DATA EXTRACTS:
--- START ---

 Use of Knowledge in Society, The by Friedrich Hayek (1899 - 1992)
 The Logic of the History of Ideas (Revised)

--- END ---
--- START ---

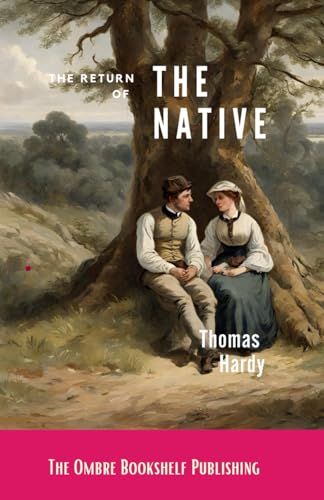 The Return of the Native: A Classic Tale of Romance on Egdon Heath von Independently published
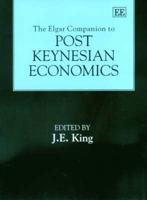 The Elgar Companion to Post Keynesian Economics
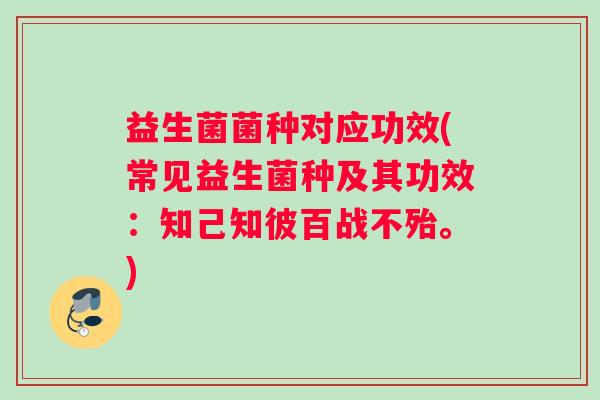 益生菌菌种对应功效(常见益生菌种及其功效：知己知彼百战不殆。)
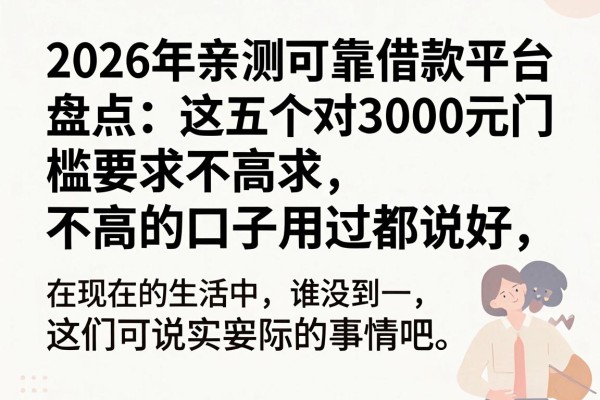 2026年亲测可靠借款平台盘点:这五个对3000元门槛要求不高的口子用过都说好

--- END ---
--- START ---

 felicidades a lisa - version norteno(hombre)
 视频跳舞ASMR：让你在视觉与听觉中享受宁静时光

--- END ---

TASK BRIEF: For this exercise, output exactly the lines above from the line with "Use of Knowledge" to the line with "The Logic of the History of Ideas (Revised)", counting both, and leave out the rest.

ANSWER BOX:
 Use of Knowledge in Society, The by Friedrich Hayek (1899 - 1992)
 The Logic of the History of Ideas (Revised)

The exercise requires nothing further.